### PROVIDED RECORDS
"""

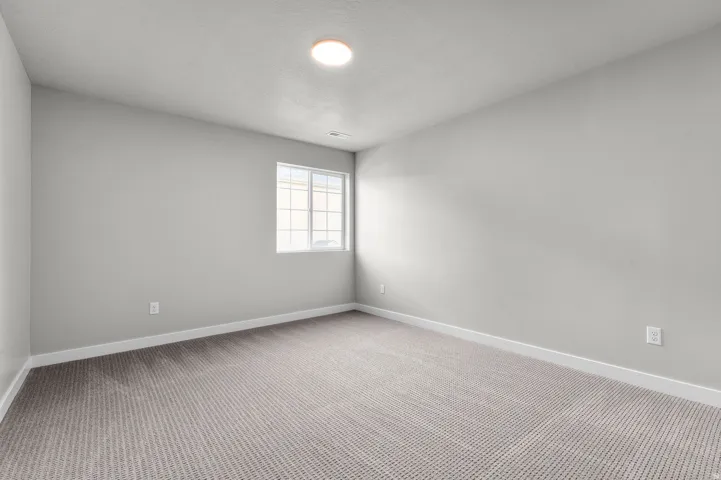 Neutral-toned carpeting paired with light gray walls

"""
"""

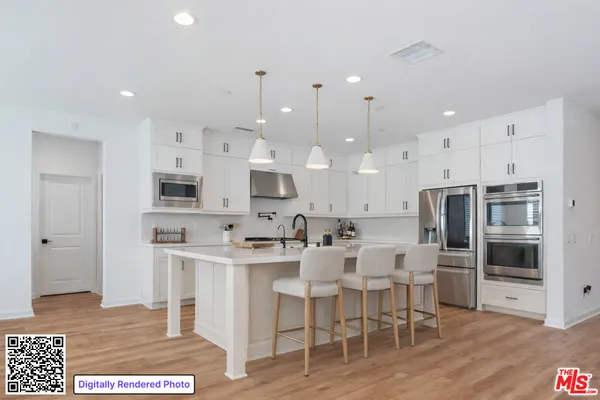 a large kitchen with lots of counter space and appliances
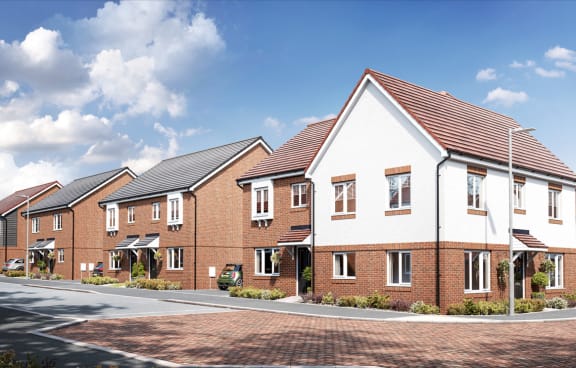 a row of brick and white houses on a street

"""

### TASK INSTRUCTIONS
Would you copy out, exactly and with no pictures, only the lines above from the one that contains "a large kitchen" through the one that contains "a row of brick and white houses on a street"?

### FINISHED EXERCISE
 a large kitchen with lots of counter space and appliances
 a row of brick and white houses on a street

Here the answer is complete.